REQUIRED WORK: From the first line to the last, copy the listing exactly and omit the pictures.

GIVEN MATERIAL:
Segment Open
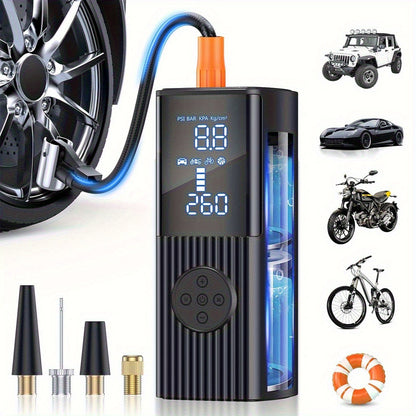 Gonfleur de pneu portable 210 PSI sans fil avec manomètre numérique, batterie rechargeable et lampe LED – Pompe à air sans fil pour voiture, moto, vélo et ballons de sport – Velora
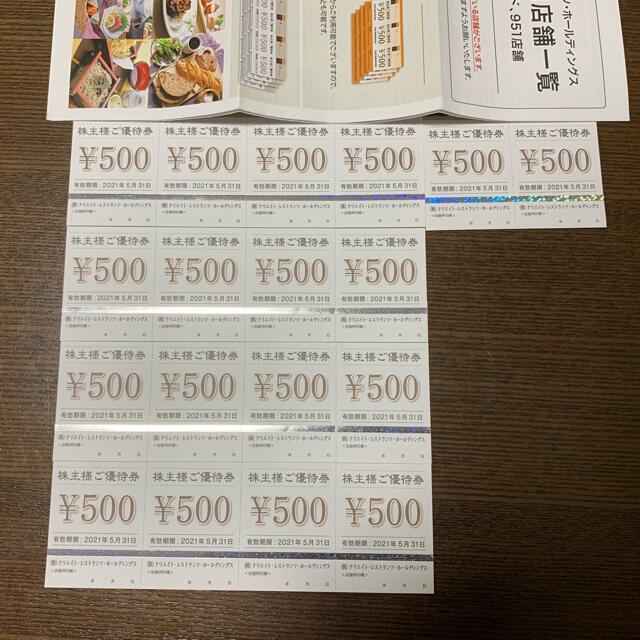 クリエイト・レストランツ 株主優待券 9000円分 - レストラン/食事券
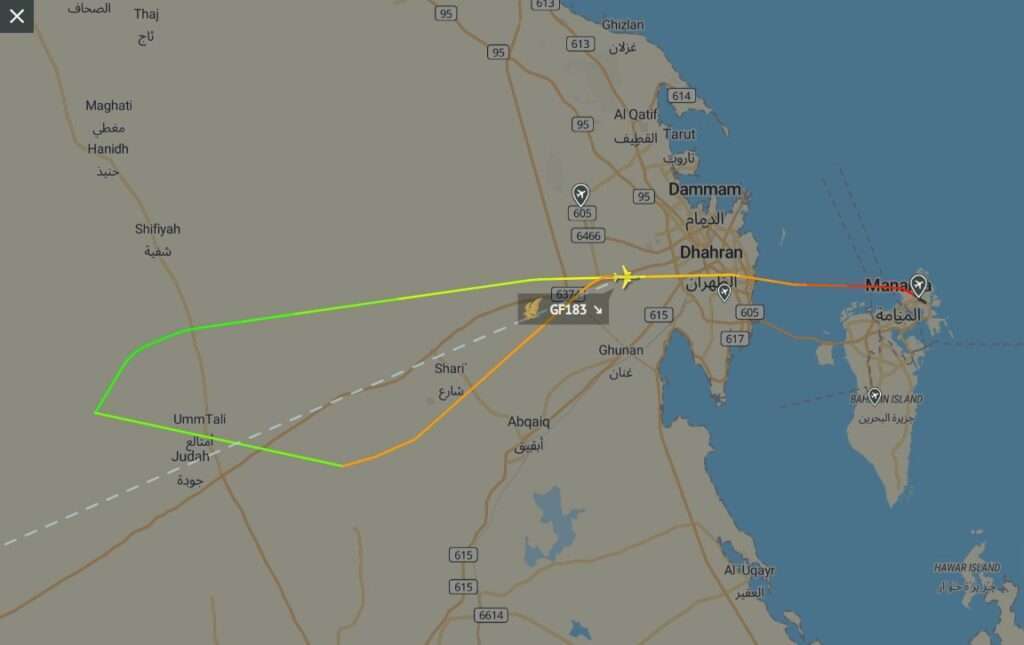 Flight track of Gulf Air flight GF183 from Bahrain to Jeddah, showing return to Bahrain.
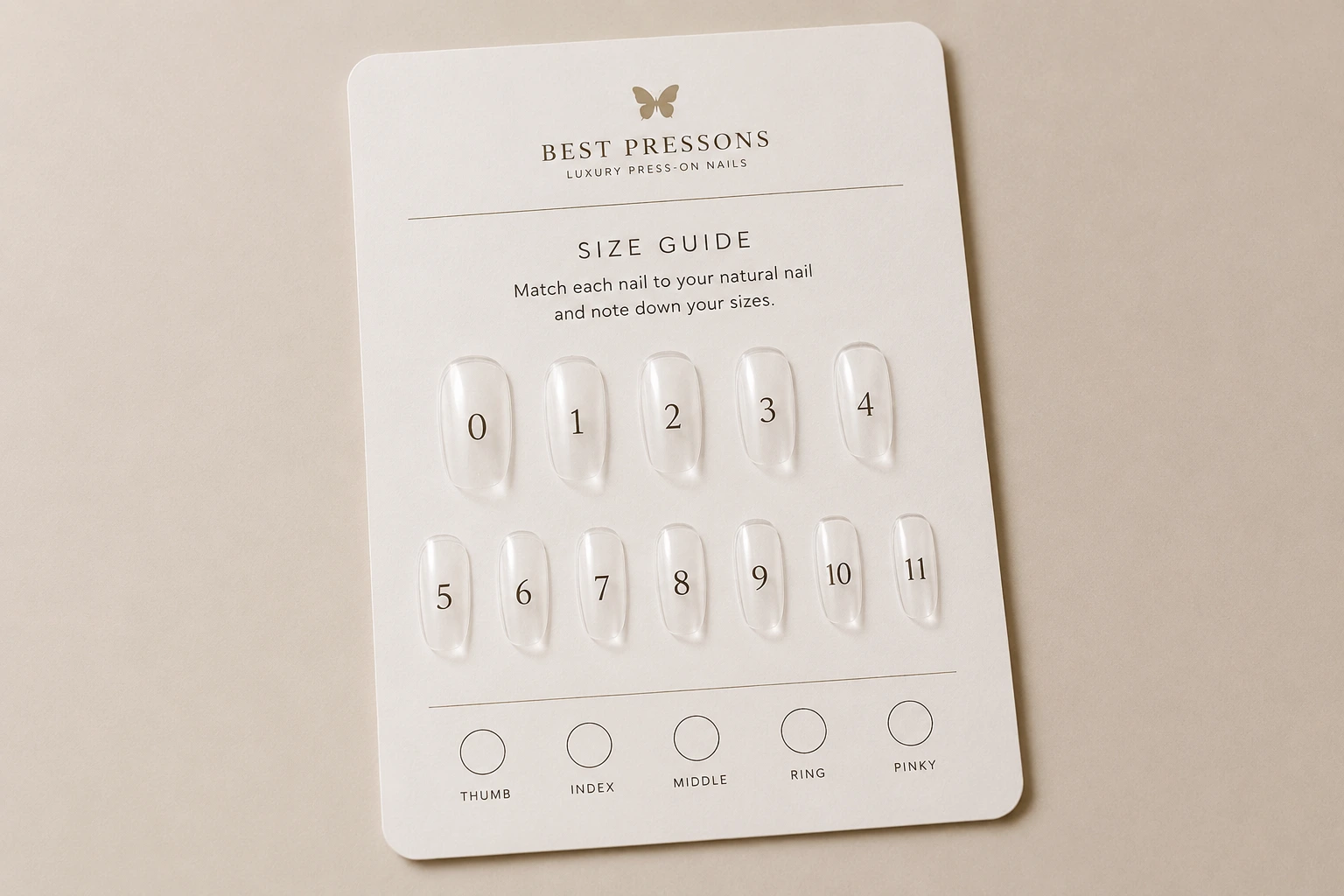 size guide kit press on nails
Segment Closed
RESPONSE:
 Gonfleur de pneu portable 210 PSI sans fil avec manomètre numérique, batterie rechargeable et lampe LED – Pompe à air sans fil pour voiture, moto, vélo et ballons de sport – Velora
 クリエイト・レストランツ 株主優待券 9000円分 - レストラン/食事券
 Flight track of Gulf Air flight GF183 from Bahrain to Jeddah, showing return to Bahrain.
 size guide kit press on nails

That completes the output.